Renegade Director Jafar Panahi Surreptitiously Tours the Streets of Tehran in ‘Taxi’

In Movies & TV by Lee Gardnerleave a COMMENT

In 2010, the Iranian government banned director Jafar Panahi from writing scripts or making films for 20 years. In the five years since, he has become even more prolific as a filmmaker, and has become arguably the most famous Muslim director in the West. And like the previous two films he’s illicitly produced and smuggled out in defiance of the ban, his latest, Taxi, takes as its subject the director’s plight and the repressive conditions under which he and his fellow Iranians endure. Probably not what the Iranian Ministry of Culture and Islamic Guidance had in mind when it sought to punish him for noting Iran’s problems in the first place.

But Panahi’s work since the ban extends far past pure polemic. This Is Not a Film plumbed the depths of his existential hurt at being denied his life’s work, as he tried to shoot a version of his most recent script alone in his apartment with an iPhone while under house arrest. Closed Curtain explored the paranoia inherent to life in a security state. For Taxi, he takes his cameras into the street to sketch a sly, blackly comic meta-portrait of life under the heel of the government.

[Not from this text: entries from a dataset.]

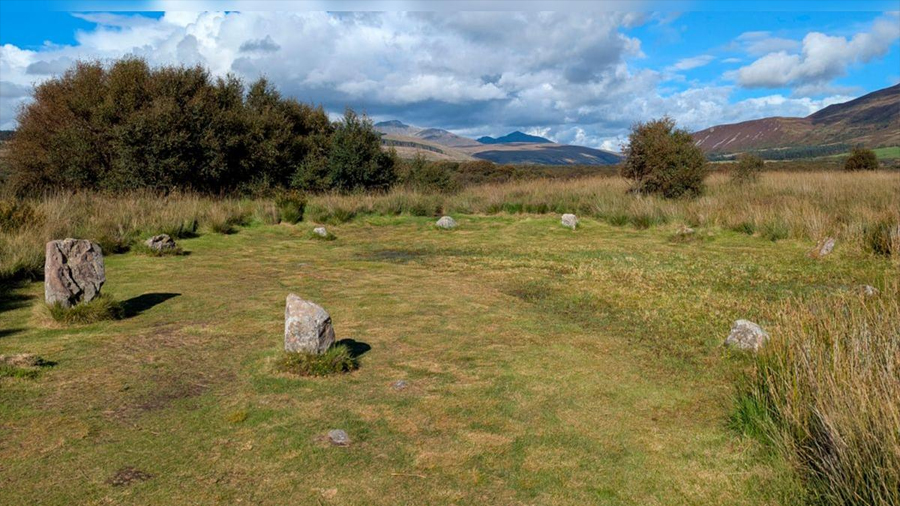 Arqueólogos descubren en Escocia un antiguo círculo subterráneo que podría ser un monumento similar a Stonehenge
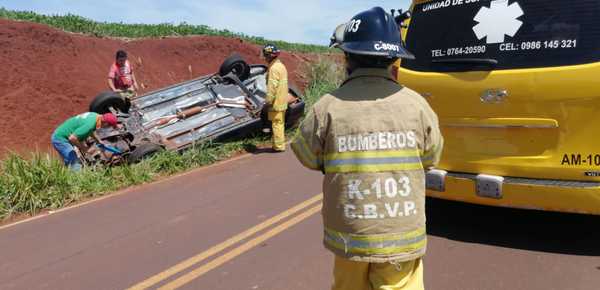 Vehículo vuelca y ocupantes se salvan de milagro sobre la Ruta Tava´i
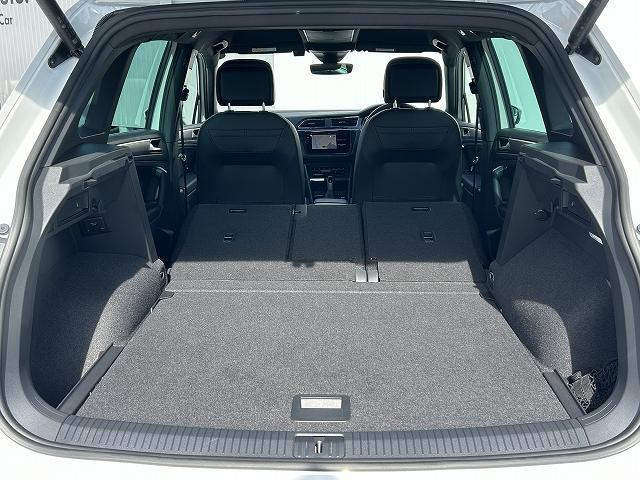 ティグアン ＴＳＩ　４モーション　Ｒライン　電動テールゲート　ナビゲーションシステム　アラウンドビューカメラ　ＡＣＣ　レーンチェンジアシストシステム　プリクラッシュブレーキシステム　マトリックスＬＥＤヘッドライト（49枚目）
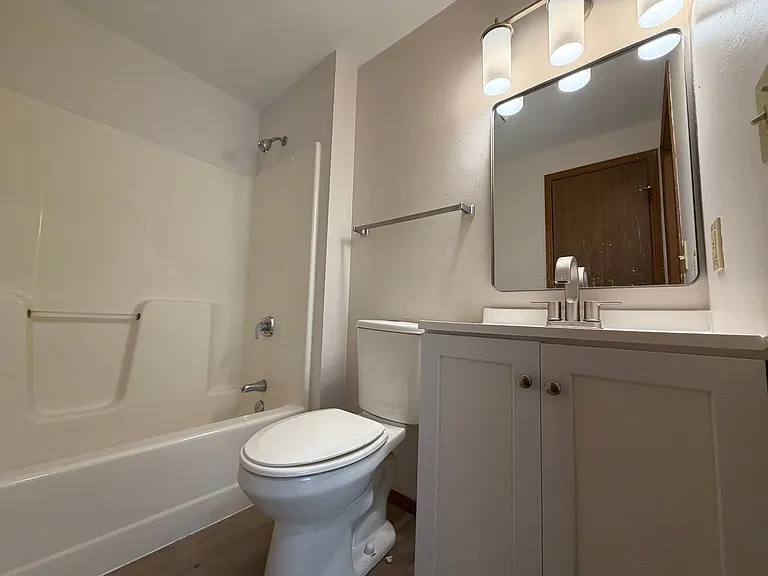 2721 Humboldt Rd — Photo 10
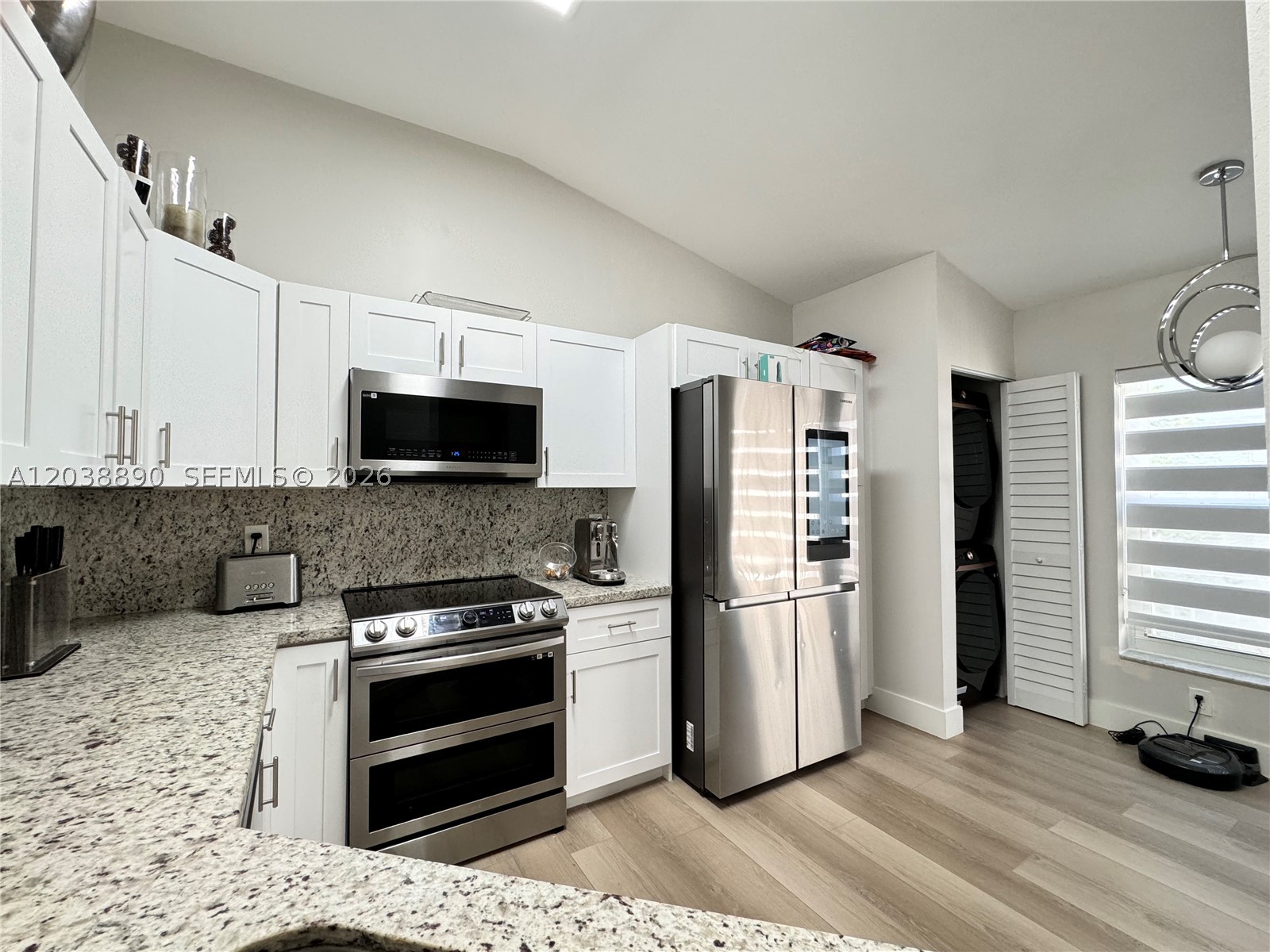 WEST LAKE VILLAGE PLAT - Residential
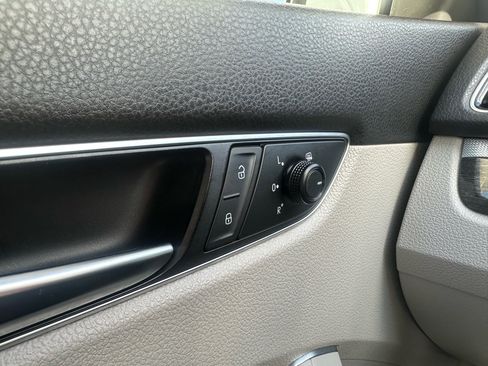 Used 2018 Volkswagen Passat 2.0T SE image 12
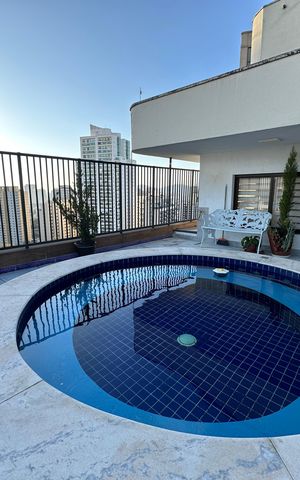 Apartamento à venda com 240m², 3 quartos e 3 vagas Apartamento à venda com 240m², 3 quartos e 3 vagasPiscina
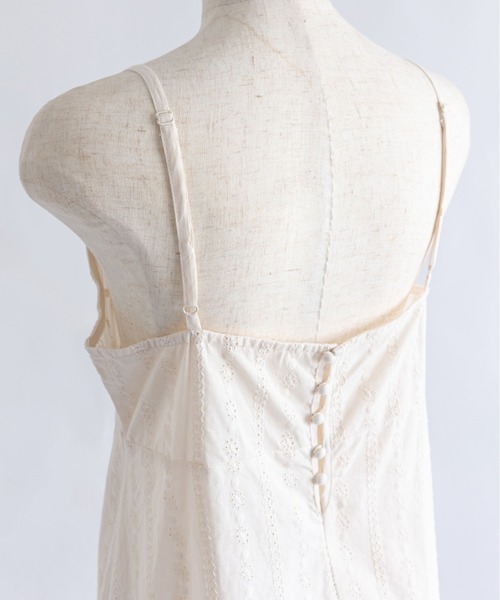 EN NEUME(エンノイム)の「Lace Gather Camisole Tunic(シャツ/ブラウス・レディース・ブラック/アイボリー・FREE)」の14枚目の写真
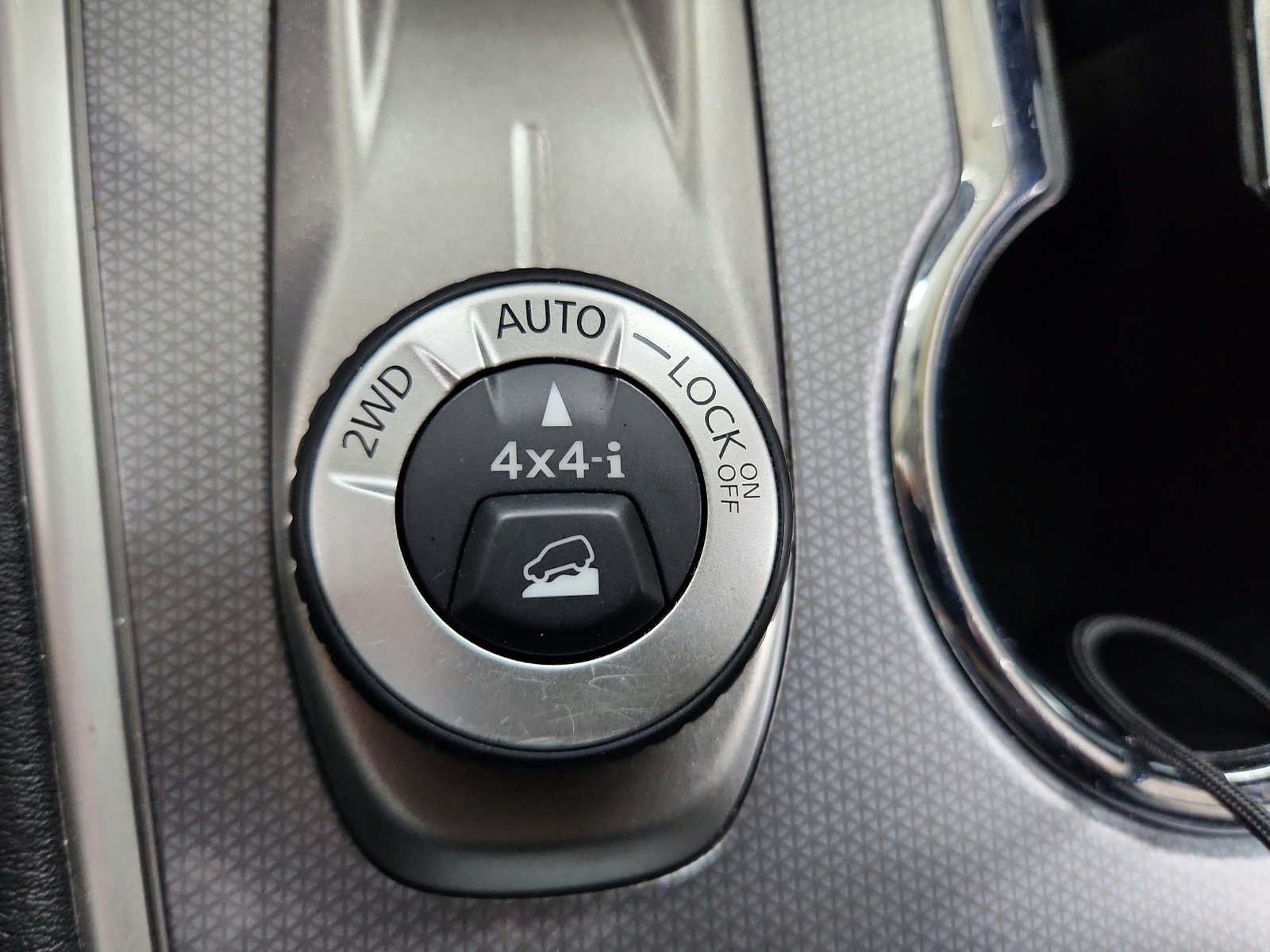 Used 2019 Nissan Pathfinder SL AWD/4WD image 49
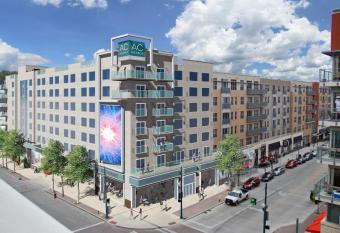 AC Hotel by Marriott Cincinnati at The Banks has Balcony rooms
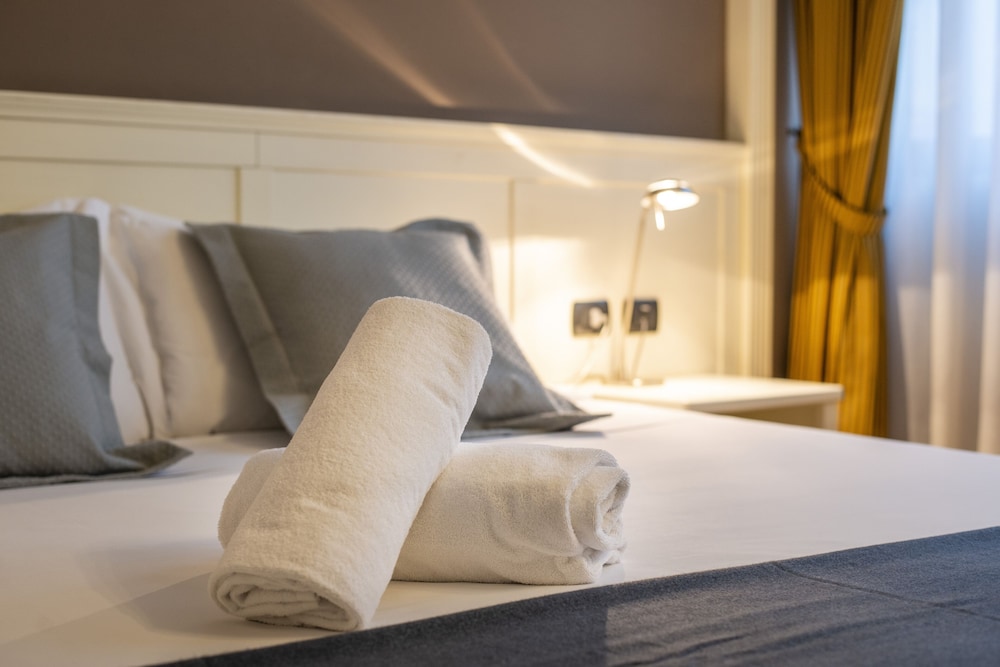 Standard Double Room - Photo 6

The winking conceit here is that Panahi, a middle-aged, bespectacled artist with an avuncular air, has been reduced to driving a cab through the streets of Tehran. His first fare, a thick-necked young bro, notices the small lens on the dash right away. (Panahi uses a variety of consumer cameras to avoid detection by the authorities while filming.) Within a few blocks, the bro and another fare, a dainty woman wearing a hijab, engage in an argument over how car thieves should be dealt with. He advocates hanging. She counters that the “pressure” of poverty often drives people to steal. It almost seems too pat—a neatly polarized discussion of social issues from two members of the nonprofessional cast before even five minutes of screen time has elapsed. But as Panahi’s tour of Tehran continues, his discursive journey picks up momentum.

His next fare turns out to be a fan, a sweaty former video clerk who briefly enlists the director in his new business—peddling bootleg Western movies, illicit goods despite the fact that the dealer can offer the latest season of The Walking Dead or “get you dailies of what’s shooting now.” A few stops later, he picks up his young niece from school, and she soon pulls out her own small camera and starts shooting him. She’s taking a filmmaking class at school and is interested in making something “distributable” by the standards of the Iranian government. The list of qualities that make a film officially acceptable for public consumption, as she recites them out of her notebook, sound like a recipe for cinematic insufferability. Above all, she was told by her teacher, “avoid sordid realism.”

As Panahi’s cab makes its turns and stops, he captures plenty of realism, sordid and otherwise. A brief meeting with an old neighbor brings film into the frame again—another crime, this time a robbery and beating, captured on security cam. But the neighbor doesn’t want to press charges. He knows the man and woman who robbed him, and they need the money. Again, with so many laws, and so much pressure, almost anyone can be a criminal. Soon, the niece has her own moment of revelation at another stop when she films a luxe wedding party and catches a young can-collector picking up a fat bill dropped by a member of the wedding. She urges him to give it back, even though it is nothing to them and everything to him, shooting all the way.

There are no fewer than four films-within-a-film here—at one point, Panahi’s camera catches the niece filming the wedding party being filmed, so two in a single shot. It’s as if, finally sprung from house arrest and venturing out, Panahi is giddy with the possibilities of shooting again, even within curtailed limits. Indeed, Taxi is remarkably engaging for a film shot with a handful of mostly static cameras that never leave a cab, but it never feels like an exercise. Panahi and his fellow travelers see what is happening in the streets outside the windows, and it’s there for them to capture, banned or not. Taxi does so, brilliantly.

 

The Public Cinema series screens Taxi at Knoxville Museum of Art (1050 World’s Fair Park Drive) on Sunday, Jan. 24, at 2 p.m. Admission is free.